### AVAILABLE RECORDS
++++++++++

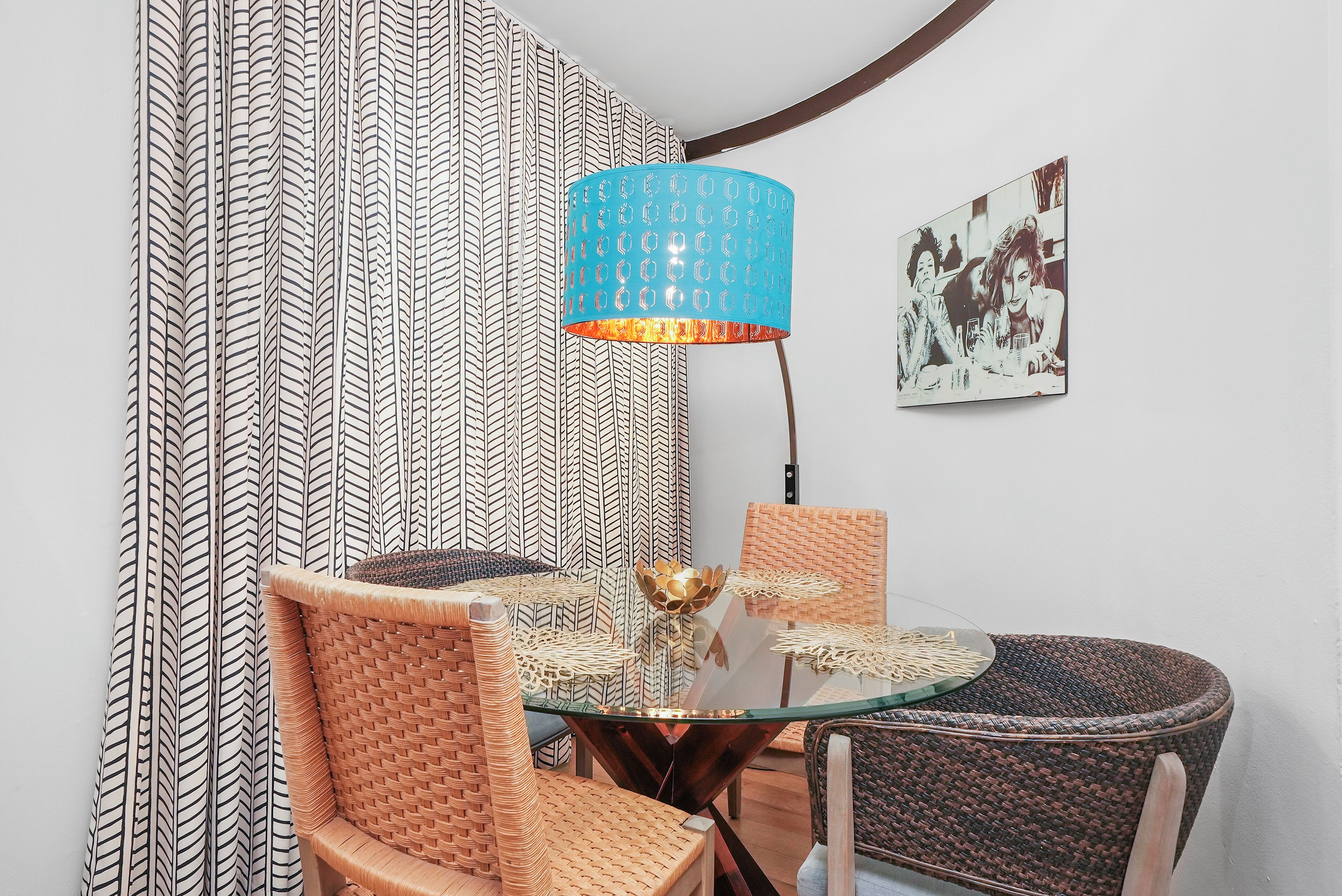 A dining area with a glass table, wicker chairs, a blue lamp, and patterned curtains.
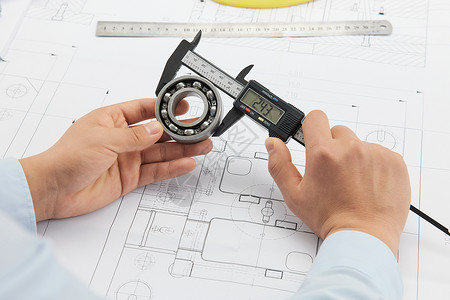 建筑图工程师使用工具测量图纸背景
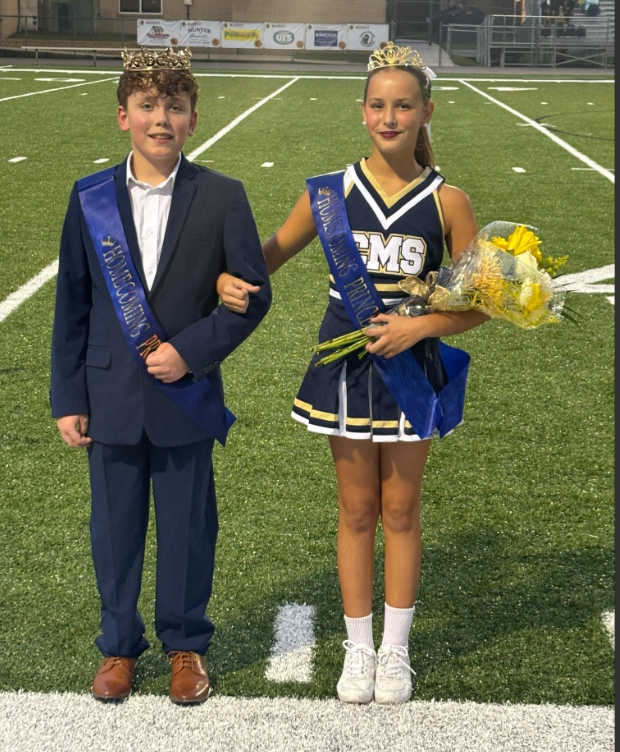 Two middle school homecoming royalty representatives stand together on a football field during an evening ceremony. Both wear crowns and blue homecoming royalty sashes. One student is dressed in a navy suit with a white shirt and brown dress shoes. The other student wears a cheer uniform and holds a bouquet of yellow flowers. Stadium lights illuminate the field, and school buildings and bleachers are visible in the background.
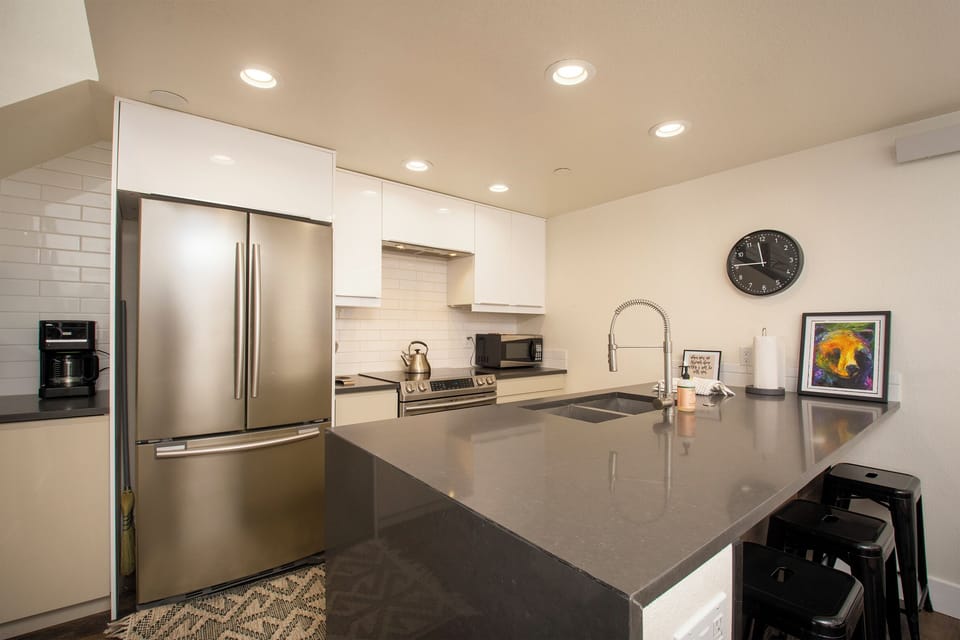 Your sleek modern kitchen awaits with stainless steel appliances, spacious quartz countertops, and everything you need to create memorable meals during your stay.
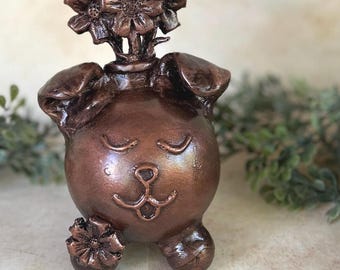 May include: A bronze-colored dog-shaped planter with a whimsical design. The planter features a smiling face with closed eyes and a small flower on one paw. Flowers sprout from the top of the dog's head, adding a decorative touch.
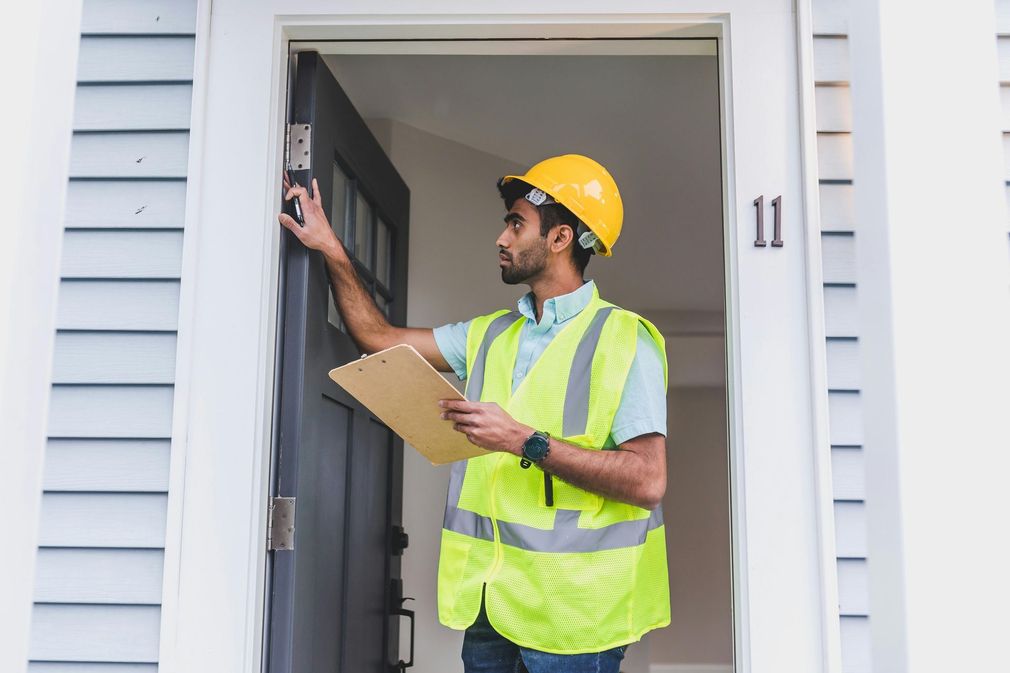 A man wearing a hard hat and safety vest is standing in front of a door holding a clipboard.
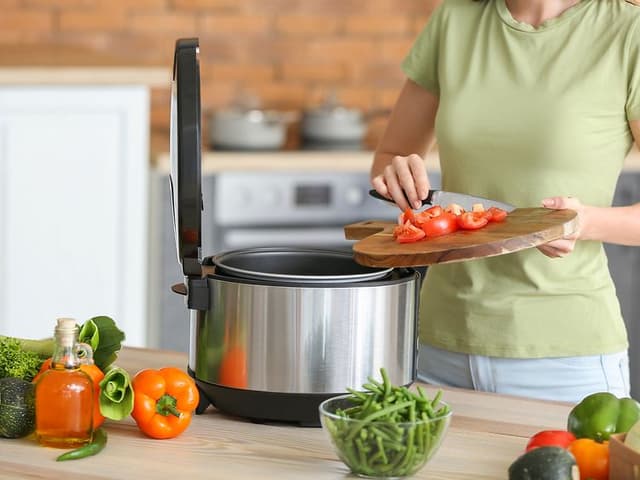 Dame legger ingredienser oppi kokeren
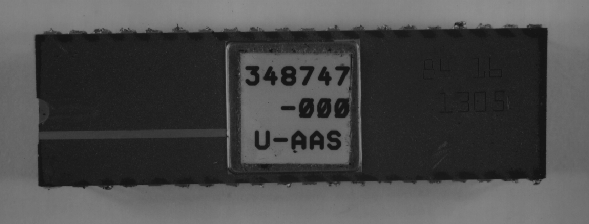 Low power optical photograph showing an example of markings on an IC. (Photo courtesy Sandia Labs).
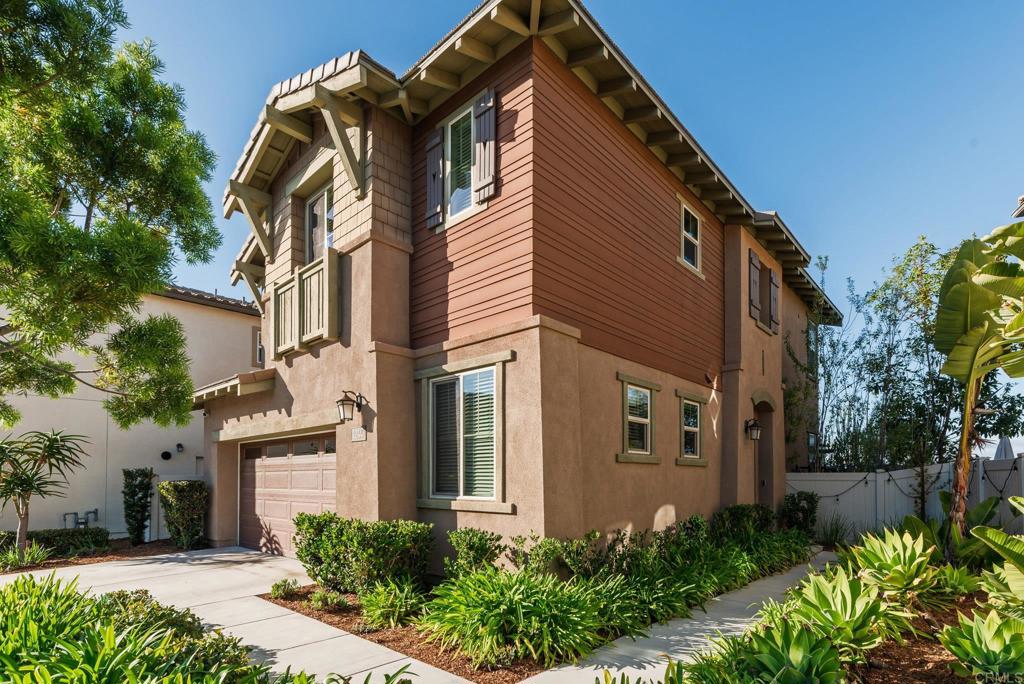 1244 Via Candelas Oceanside, CA 92056 - Photo 6 of 60 a front view of a house with a garden
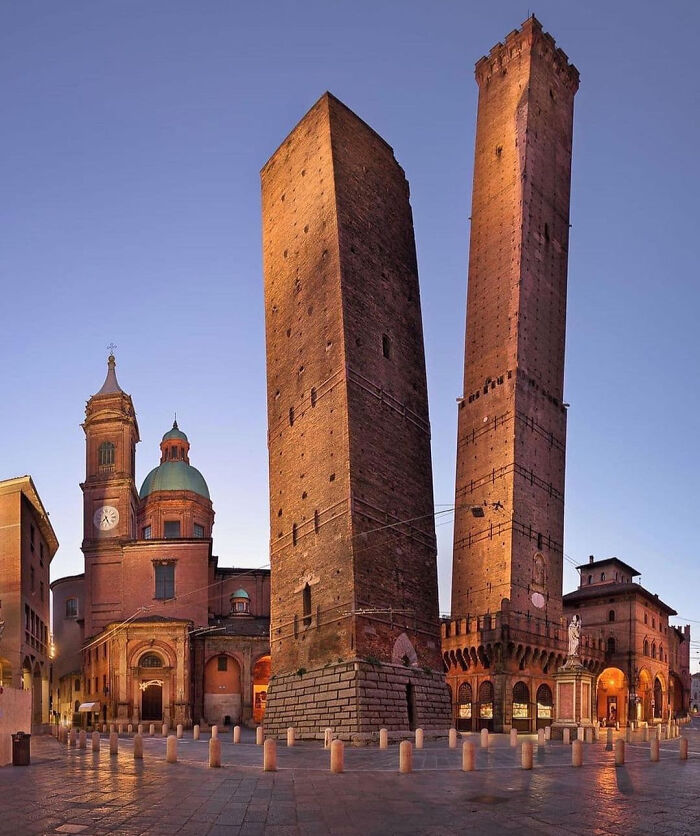 The Two Towers Of Garisenda And Degli Asinelli Are Commonly Recognized As Symbols Of Bologna And Were Built Between 1109 And 1119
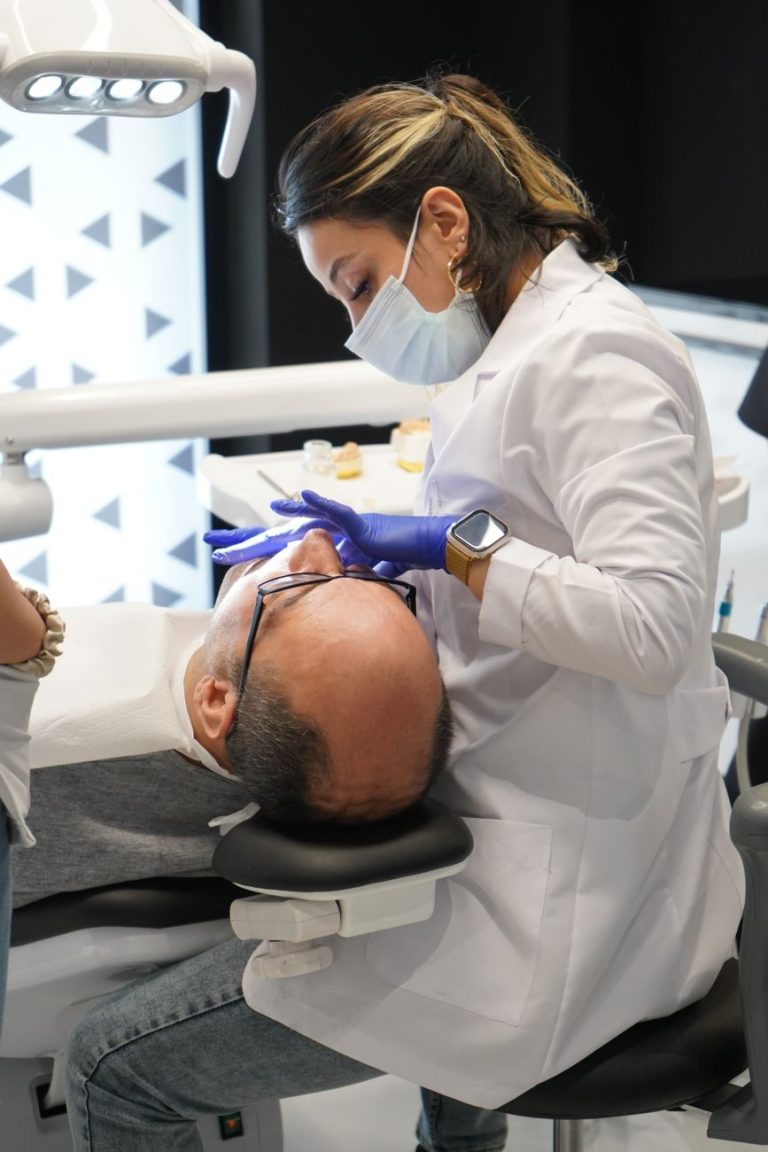 Beyaz önlük giymiş diş hekimi, modern bir klinik ortamında bir hastanın dişlerini muayene ediyor.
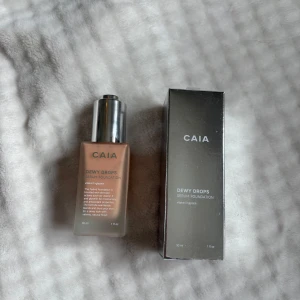 CAIA Dewy Drops Serum Foundation 10W - CAIA Dewy Drops Serum Foundation i nyansen 10W. Kommer i en snygg frostad glasflaska med silvrig pump och tillhörande metallic-förpackning. Ger en naturligt glowig finish och innehåller vitamin E och glycerin för extra fukt. Perfekt för dig som vill ha en fräsch och återfuktad look.
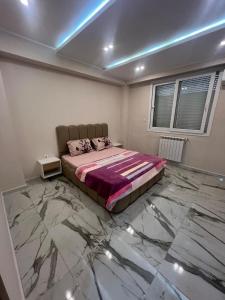 a bedroom with a bed with a marble floor at luxury apartment in Annaba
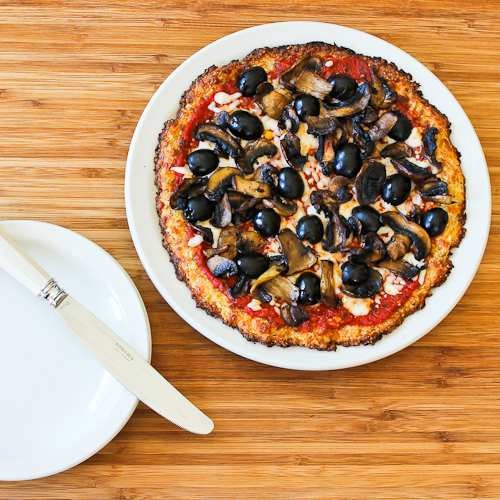 Cauliflower-crust vegetarian pizza with mushrooms and olives (cooked on the grill or in the oven)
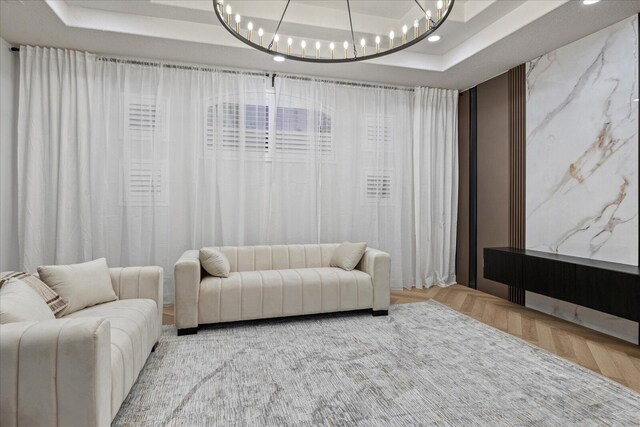 cinema room featuring parquet flooring, an inviting chandelier, and a raised ceiling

++++++++++

### WHAT TO DO
With all pictures omitted, return the lines from the line containing "Dame legger ingredienser oppi kokeren" through the closing line of the listing above, exactly and inclusive.

### EXERCISE OUTPUT
 Dame legger ingredienser oppi kokeren
 Low power optical photograph showing an example of markings on an IC. (Photo courtesy Sandia Labs).
 1244 Via Candelas Oceanside, CA 92056 - Photo 6 of 60 a front view of a house with a garden
 The Two Towers Of Garisenda And Degli Asinelli Are Commonly Recognized As Symbols Of Bologna And Were Built Between 1109 And 1119
 Beyaz önlük giymiş diş hekimi, modern bir klinik ortamında bir hastanın dişlerini muayene ediyor.
 CAIA Dewy Drops Serum Foundation 10W - CAIA Dewy Drops Serum Foundation i nyansen 10W. Kommer i en snygg frostad glasflaska med silvrig pump och tillhörande metallic-förpackning. Ger en naturligt glowig finish och innehåller vitamin E och glycerin för extra fukt. Perfekt för dig som vill ha en fräsch och återfuktad look.
 a bedroom with a bed with a marble floor at luxury apartment in Annaba
 Cauliflower-crust vegetarian pizza with mushrooms and olives (cooked on the grill or in the oven)
 cinema room featuring parquet flooring, an inviting chandelier, and a raised ceiling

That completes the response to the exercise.